E: Tem algum momento que se destaca? Alguma música que tenha se concretizado e que tenha sido boa para você?
Bem, eu trabalhei bastante em “Hooligan”. E essa música em si é… não sei. Quando ouvi a faixa pela primeira vez, a melodia surgiu imediatamente. Então comecei a trabalhar nela, e… A faixa é tão única, então talvez eu tenha tido sorte, mas o Hitman Bang e o resto dos membros acharam que era muito original e todos adoraram. Foi incrível. E eu não sabia se a música seria escolhida. Mas ela foi, e isso foi sensacional.
E: Além disso, escrever letras em inglês é muito legal!
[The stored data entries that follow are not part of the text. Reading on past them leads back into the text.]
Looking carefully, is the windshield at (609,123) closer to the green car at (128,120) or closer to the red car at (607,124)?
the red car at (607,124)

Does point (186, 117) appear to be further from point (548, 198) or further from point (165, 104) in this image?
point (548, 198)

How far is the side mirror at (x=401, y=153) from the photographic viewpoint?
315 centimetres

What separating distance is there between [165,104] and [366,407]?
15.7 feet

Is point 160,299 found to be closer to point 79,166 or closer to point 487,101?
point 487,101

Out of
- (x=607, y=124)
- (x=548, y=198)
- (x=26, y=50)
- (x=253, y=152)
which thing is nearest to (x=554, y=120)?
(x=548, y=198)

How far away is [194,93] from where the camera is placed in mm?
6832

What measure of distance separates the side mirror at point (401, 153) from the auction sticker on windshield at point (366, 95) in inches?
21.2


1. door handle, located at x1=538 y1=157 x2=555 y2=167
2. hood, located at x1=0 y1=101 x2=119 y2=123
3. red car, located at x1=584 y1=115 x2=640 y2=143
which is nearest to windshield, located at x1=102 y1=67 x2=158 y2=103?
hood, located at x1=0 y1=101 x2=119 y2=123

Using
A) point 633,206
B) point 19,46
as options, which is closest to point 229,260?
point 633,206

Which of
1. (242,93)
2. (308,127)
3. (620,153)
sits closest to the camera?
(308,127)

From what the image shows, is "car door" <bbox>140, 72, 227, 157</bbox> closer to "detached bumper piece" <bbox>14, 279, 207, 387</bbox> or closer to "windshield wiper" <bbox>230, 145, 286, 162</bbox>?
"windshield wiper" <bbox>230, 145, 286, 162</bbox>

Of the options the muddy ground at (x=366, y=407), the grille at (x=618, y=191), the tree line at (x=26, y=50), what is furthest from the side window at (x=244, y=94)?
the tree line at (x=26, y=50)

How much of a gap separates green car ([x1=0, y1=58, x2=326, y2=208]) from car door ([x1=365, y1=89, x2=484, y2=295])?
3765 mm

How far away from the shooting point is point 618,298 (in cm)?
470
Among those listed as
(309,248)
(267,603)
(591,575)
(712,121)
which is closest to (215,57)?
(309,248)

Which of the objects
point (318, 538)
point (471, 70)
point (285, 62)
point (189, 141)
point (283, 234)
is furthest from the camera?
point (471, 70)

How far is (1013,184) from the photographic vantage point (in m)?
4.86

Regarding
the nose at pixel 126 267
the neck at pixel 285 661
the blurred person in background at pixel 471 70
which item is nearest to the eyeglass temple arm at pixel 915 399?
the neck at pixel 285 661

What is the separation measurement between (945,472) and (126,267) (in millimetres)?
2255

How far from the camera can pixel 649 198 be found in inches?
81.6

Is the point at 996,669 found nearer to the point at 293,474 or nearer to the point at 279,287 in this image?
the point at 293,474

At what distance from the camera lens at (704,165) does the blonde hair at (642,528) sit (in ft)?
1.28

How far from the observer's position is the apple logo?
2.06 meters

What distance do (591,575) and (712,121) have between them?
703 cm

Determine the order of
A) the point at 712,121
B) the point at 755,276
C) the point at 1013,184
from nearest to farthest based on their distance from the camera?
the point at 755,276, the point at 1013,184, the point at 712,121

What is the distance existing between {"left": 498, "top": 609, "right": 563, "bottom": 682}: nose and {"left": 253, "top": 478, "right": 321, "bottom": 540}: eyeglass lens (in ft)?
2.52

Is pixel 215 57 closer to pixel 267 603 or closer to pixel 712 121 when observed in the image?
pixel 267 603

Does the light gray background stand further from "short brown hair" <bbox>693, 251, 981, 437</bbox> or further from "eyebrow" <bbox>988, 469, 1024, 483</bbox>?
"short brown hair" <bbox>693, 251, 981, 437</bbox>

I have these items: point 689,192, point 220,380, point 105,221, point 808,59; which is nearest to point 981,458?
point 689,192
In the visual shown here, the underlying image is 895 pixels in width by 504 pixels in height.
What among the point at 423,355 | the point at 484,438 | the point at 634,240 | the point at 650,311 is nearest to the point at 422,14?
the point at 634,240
Bem, eu não escrevi tudo sozinho. Tive muita ajuda.
E: Sua voz está mais forte do que nunca. É algo em que você trabalha constantemente?
Sim. Antes de ir para o exército, depois que voltei e até agora. Lento como uma tartaruga, estou sempre fazendo alguma coisa. Experimentando coisas novas.
E: É claro que o ARMY adorou seu trabalho solo. Acho que, se vejo alguma crítica, é de que gostariam que você tivesse escrito mais e que o álbum solo teve uma pegada muito ocidental, para o bem ou para o mal. Você já ouviu isso? O que acha dessa ideia?
Aconteceu de ser a minha escolha na época. Eu poderia escrever mais para o meu próximo álbum, se é isso que o ARMY quer. Mas, naquela época, eu queria outra coisa. Queria compor boas músicas e lançar um álbum o mais rápido possível. Esse é o motivo principal. Acho também que os tipos de histórias que posso contar são bastante limitados. Então, no futuro, quando eu tiver muito o que fazer e muito o que dizer, acho que isso acontecerá naturalmente.
E: Acho que o sonho deles é algo pessoal. Mas você está dizendo que não tem nada para eles agora, nesse sentido?
Na verdade, talvez eu nunca tenha nada. Porque não consigo guardar memórias por muito tempo. Esqueço as coisas com frequência, então… Sabe como os computadores têm discos rígidos? Acho que não tenho muito espaço em disco.
E: Você está no BTS desde muito jovem. Suas únicas pausas reais como idol foram talvez um pequeno período durante a pandemia e o serviço militar. Como crescer assim afetou sua identidade?
Estávamos muito ocupados durante a pandemia, muito mesmo. Então, o único momento em que fiquei completamente longe da música foi no serviço militar. E durante esse período… em vez de tentar entender minha identidade, porque acho que ela está sempre mudando… o que eu realmente sentia era que queria muito me apresentar. Queria cantar. ” Ah, mal posso esperar para ir embora! Quero sair e dançar!” Era só nisso que eu pensava.
E: Nos Beatles, George Harrison era o mais novo. Ele sentia que sempre era tratado como um membro júnior, e isso o frustrava. Gostaria de saber se você se identifica com isso.
Não, eu adoro ser o mais novo. Porque, mesmo sendo adultos agora, durante toda a minha vida eu fui o mais novo da minha família, o mais novo do meu grupo e, no trabalho, sempre fui o mais novo de toda a equipe. Estou tão acostumado com isso agora, que quando estou em um grupo, sempre me sinto muito confortável sendo o mais novo. É assim que me sinto agora.